Она улыбнулась — устало, криво, но всё ещё как-то по-матерински — и сказала: «Расслабься, Роман… пожалуйста. Хотя бы минутку. Ты должен научиться просто дышать, мой прекрасный мальчик».
И тогда, в тот последний мирный день, она испекла для меня печенье с шоколадной крошкой. Печенье — обычная мелочь, но для меня оно стало последним жестом чистой, искренней нежности, не связанной ни с болью, ни с торгом, ни с грязью.
Это был последний раз, когда женщина сделала для меня что-то просто так. Не потому, что её заставляли. Не потому, что её жизнь висела на нитке. Не потому, что ей нужно было что-то от меня. Просто… потому что она меня любила.

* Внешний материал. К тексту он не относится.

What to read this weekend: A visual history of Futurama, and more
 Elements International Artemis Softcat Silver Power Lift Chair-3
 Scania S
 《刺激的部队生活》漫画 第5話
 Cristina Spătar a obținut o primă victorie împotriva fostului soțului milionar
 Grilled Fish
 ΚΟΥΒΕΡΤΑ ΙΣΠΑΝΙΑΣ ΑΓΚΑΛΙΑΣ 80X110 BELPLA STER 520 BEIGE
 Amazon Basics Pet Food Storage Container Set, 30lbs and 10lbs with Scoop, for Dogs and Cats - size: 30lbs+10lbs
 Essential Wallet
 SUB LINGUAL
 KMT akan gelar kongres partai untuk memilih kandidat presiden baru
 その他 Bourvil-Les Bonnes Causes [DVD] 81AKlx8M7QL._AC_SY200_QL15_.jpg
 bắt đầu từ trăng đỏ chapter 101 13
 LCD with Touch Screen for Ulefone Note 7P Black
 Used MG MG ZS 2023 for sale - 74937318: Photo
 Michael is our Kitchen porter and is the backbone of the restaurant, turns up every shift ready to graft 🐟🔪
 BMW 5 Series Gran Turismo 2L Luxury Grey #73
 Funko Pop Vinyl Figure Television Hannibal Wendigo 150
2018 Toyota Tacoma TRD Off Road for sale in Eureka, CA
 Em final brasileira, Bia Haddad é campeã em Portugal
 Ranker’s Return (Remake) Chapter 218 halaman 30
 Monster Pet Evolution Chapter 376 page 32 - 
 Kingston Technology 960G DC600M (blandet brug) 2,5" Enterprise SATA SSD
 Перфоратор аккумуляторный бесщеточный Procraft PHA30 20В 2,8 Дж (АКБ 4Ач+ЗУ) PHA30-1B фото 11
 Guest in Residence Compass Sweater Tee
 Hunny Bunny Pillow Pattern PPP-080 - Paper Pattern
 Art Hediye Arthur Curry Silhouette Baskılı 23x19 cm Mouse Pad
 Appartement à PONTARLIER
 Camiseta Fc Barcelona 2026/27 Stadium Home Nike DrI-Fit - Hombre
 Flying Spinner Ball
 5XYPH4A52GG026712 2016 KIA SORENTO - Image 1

С тех пор забота стала чем-то диким, почти невозможным. Принять помощь — сродни признать слабость, открыть дверь туда, где уже некому защищать. И я построил вокруг себя стену — высокую, тяжёлую, неприступную, выстроенную из страха, злости, выживания. Люди обходили меня стороной, и я не винил их: внешний вид говорил за меня — этот мужчина не нуждается ни в чьей руке, и если бы даже нуждался, он бы её оттолкнул.
Наверное, они были правы. Или, возможно, они никогда не пытались узнать меня ближе — и потому так и не узнали, что творилось под оболочкой хищника, которого они в мне видели.
До сегодняшнего дня.
Эта женщина, Саманта Грин — красивая, сильная, слишком умная для своего же блага и чертовски упрямая — вдруг решила, что я заслуживаю помощи. Что мою рану нужно перевязать. Что моё отчаянное, бешеное сердце может хоть на секунду остановиться и позволить кому-то приблизиться.
Она коснулась меня — и всё внутри меня перевернулось. Это было странно, сбивало дыхание. Успокаивало. Унижало. И, как ни стыдно признать… волновало до дрожи.
В её прикосновении, в её тихой настойчивости было что-то такое, что запустило внутри меня процесс, который я не мог остановить — словно в глубине моей души, покрытой копотью, грязью и старыми шрамами, кто-то разжёг маленькое пламя. Едва различимое, слабое — но настоящее.
Пламя, которое вспыхнуло ради неё. Ради Саманты Грин.